§ YOUR OBJECTIVE
Return every entry below exactly as written, minus the pictures.

§ SUPPLIED DATA

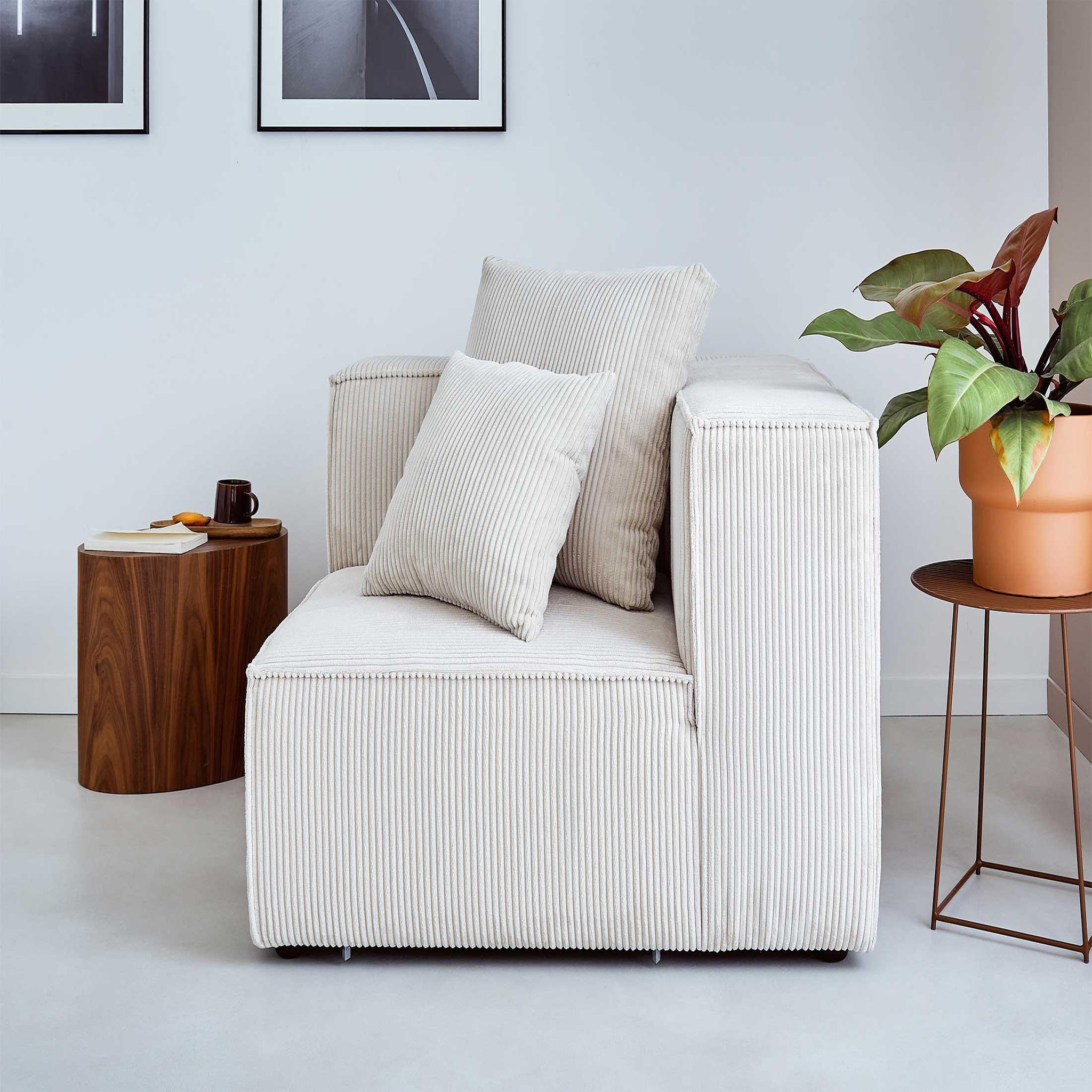 Voir la diapositive 2 : LISA DESIGN Colombine - module d'assise d'angle réversible - en velours côtelé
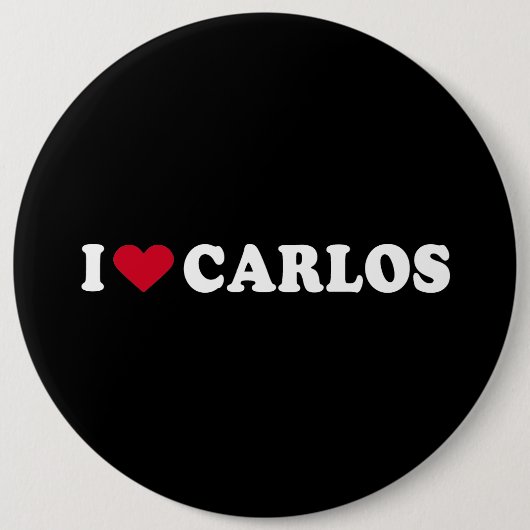 BADGE ROND 15,2 CM J'AIME CARLOS (Devant)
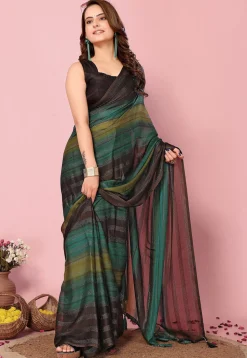 Pre Stitched Art Silk Saree in Green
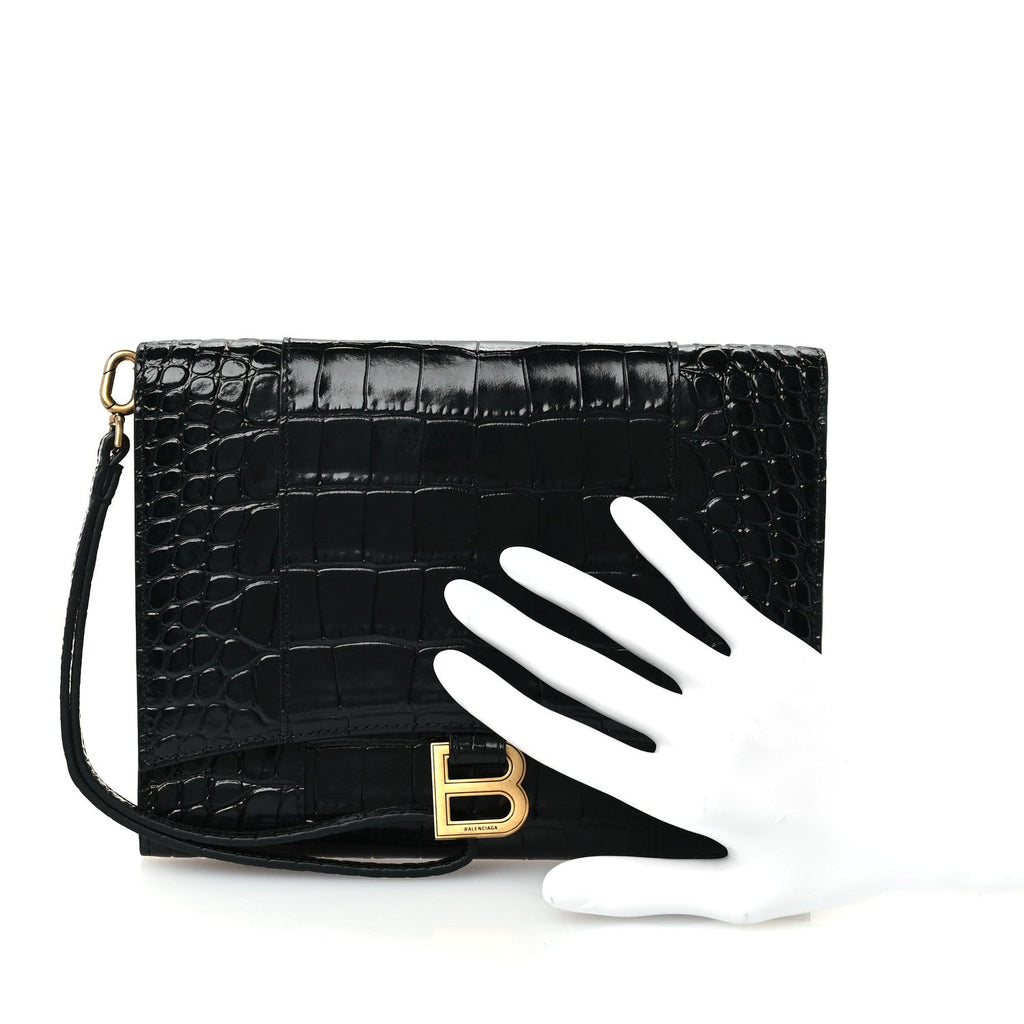 Shiny Calfskin Crocodile Embossed Hourglass Gusset Pouch Black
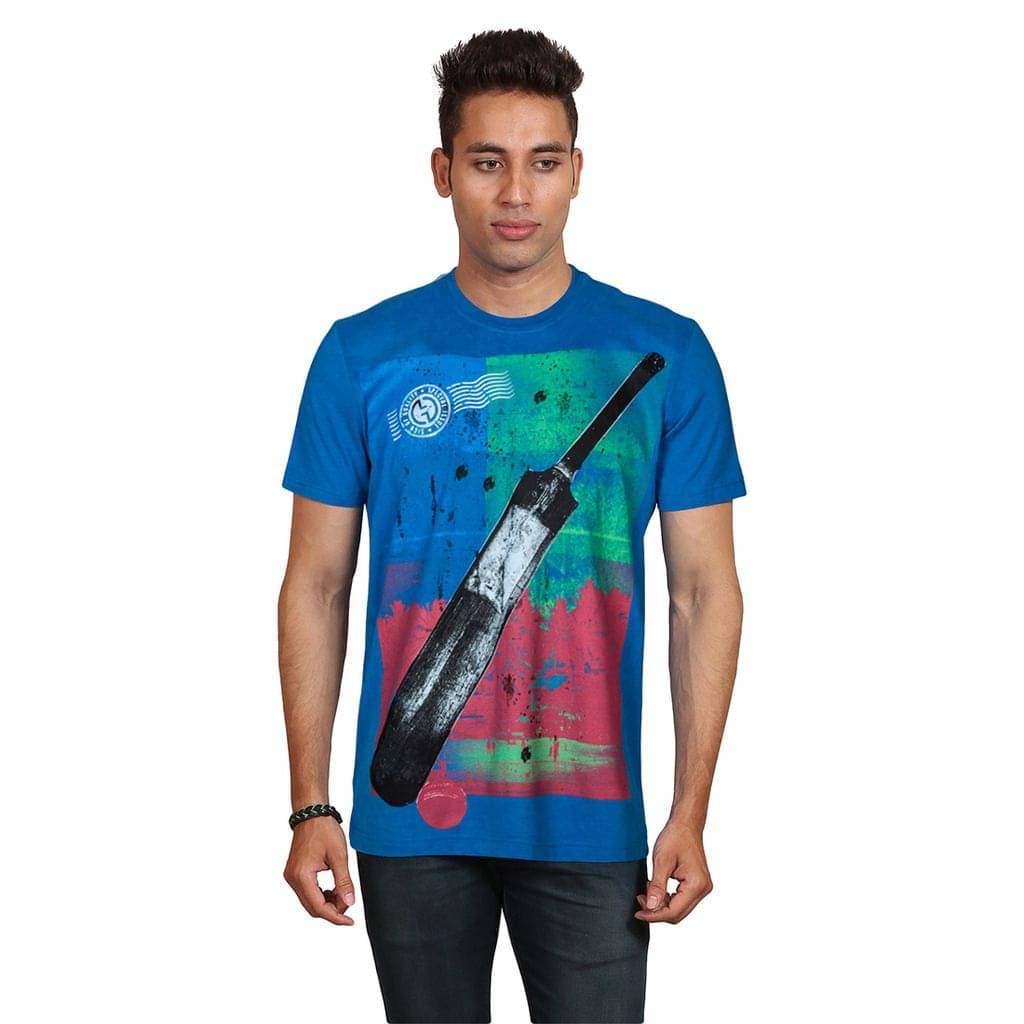 Huetrap Cotton Blue Printed T-Shirt     			Huetrap Cotton Blue Printed T-Shirt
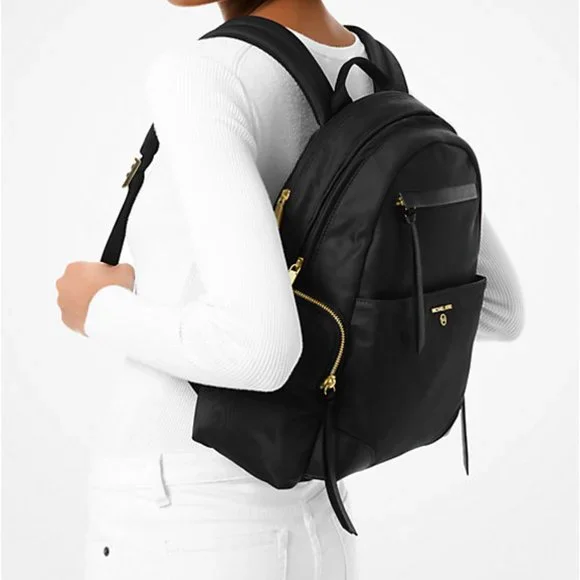 Michael Kore Black Prescott Large Nylon Gabardine Backpack New Sealed - Picture 2 of 12
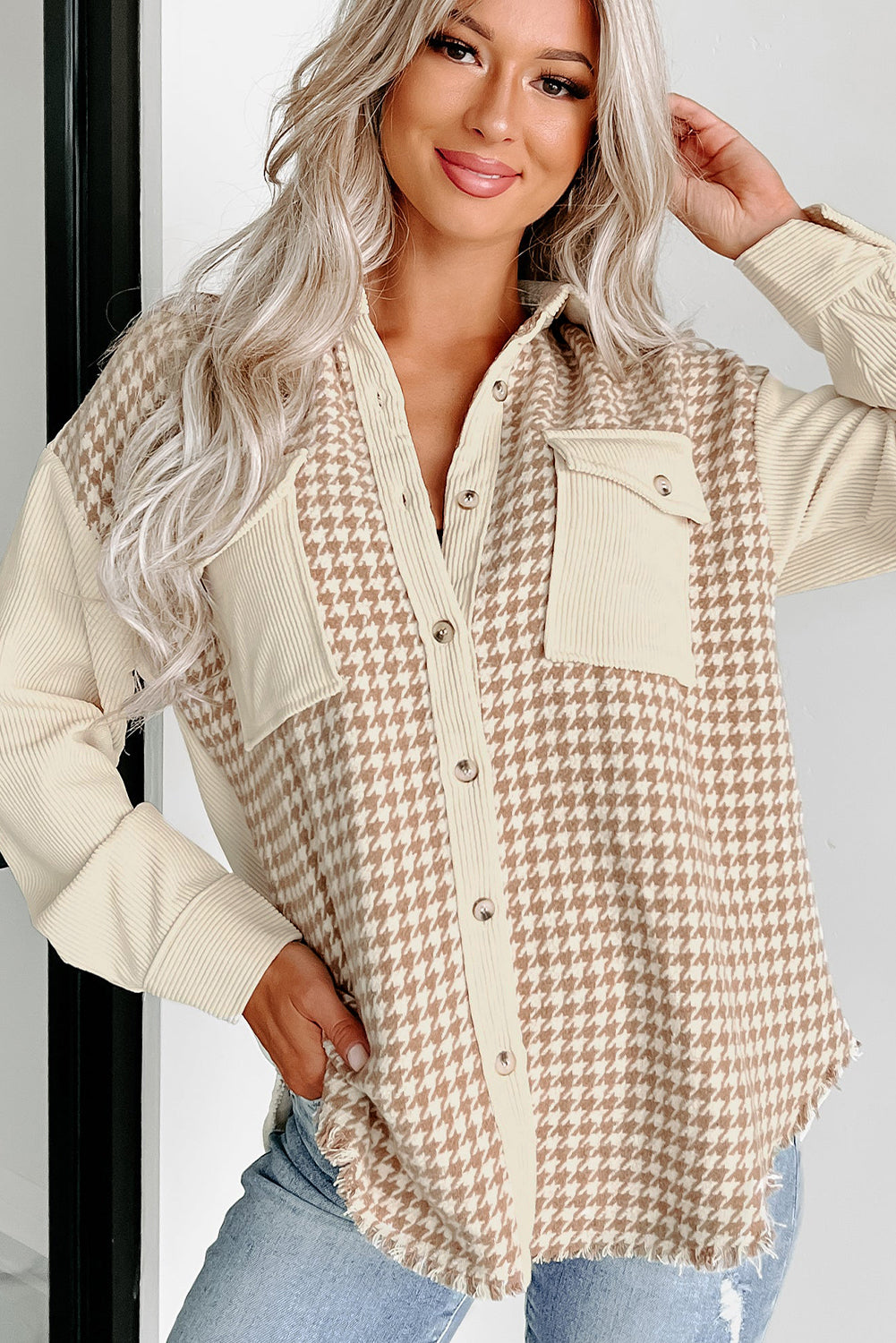 Houndstooth Corduroy Patchwork Flap Pocket Shacket
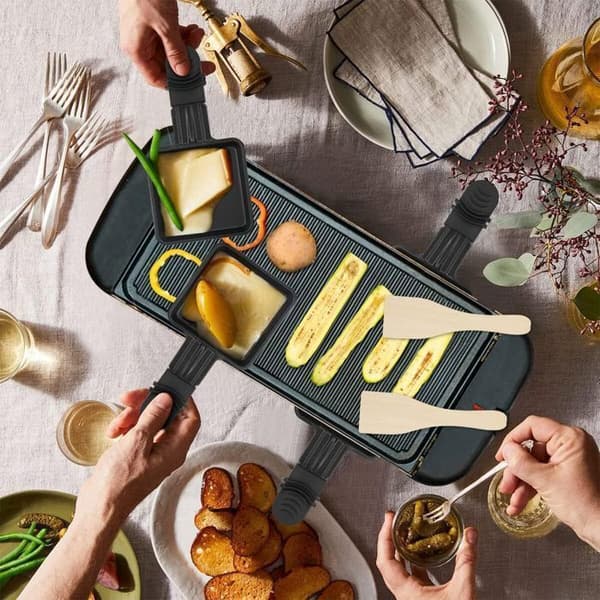 Poelon Raclette, Coupelle Raclette - Non-stick beläggning 18x9x1.5cm - Set om 8 - Svart - Med två träspadar - Diskmaskinssäker
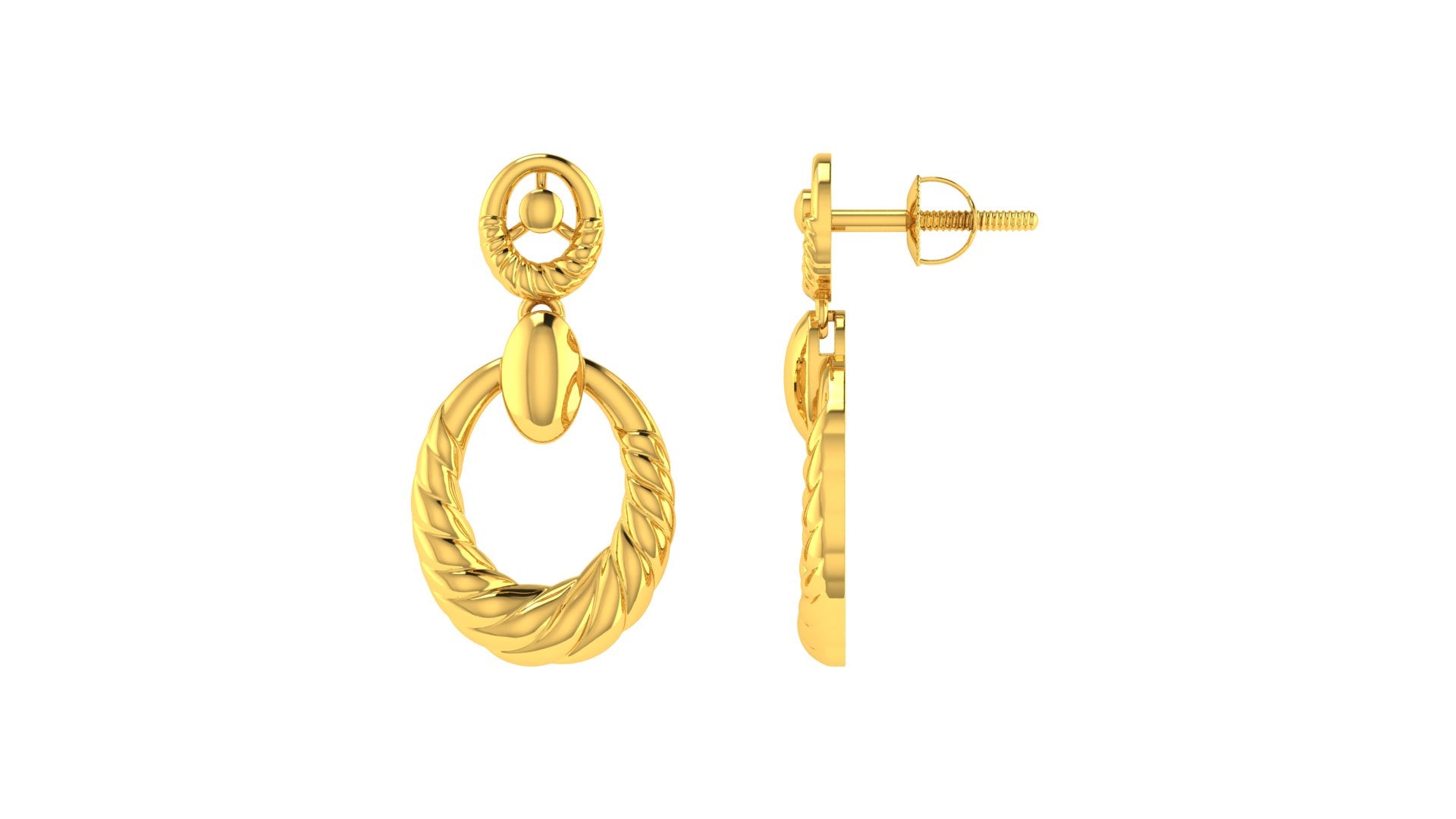 22k Yellow Gold Dangling Studs Earrings with gold weight of 5.89g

§ WRITTEN REPLY
 Voir la diapositive 2 : LISA DESIGN Colombine - module d'assise d'angle réversible - en velours côtelé
 BADGE ROND 15,2 CM J'AIME CARLOS (Devant)
 Pre Stitched Art Silk Saree in Green
 Shiny Calfskin Crocodile Embossed Hourglass Gusset Pouch Black
 Huetrap Cotton Blue Printed T-Shirt     			Huetrap Cotton Blue Printed T-Shirt
 Michael Kore Black Prescott Large Nylon Gabardine Backpack New Sealed - Picture 2 of 12
 Houndstooth Corduroy Patchwork Flap Pocket Shacket
 Poelon Raclette, Coupelle Raclette - Non-stick beläggning 18x9x1.5cm - Set om 8 - Svart - Med två träspadar - Diskmaskinssäker
 22k Yellow Gold Dangling Studs Earrings with gold weight of 5.89g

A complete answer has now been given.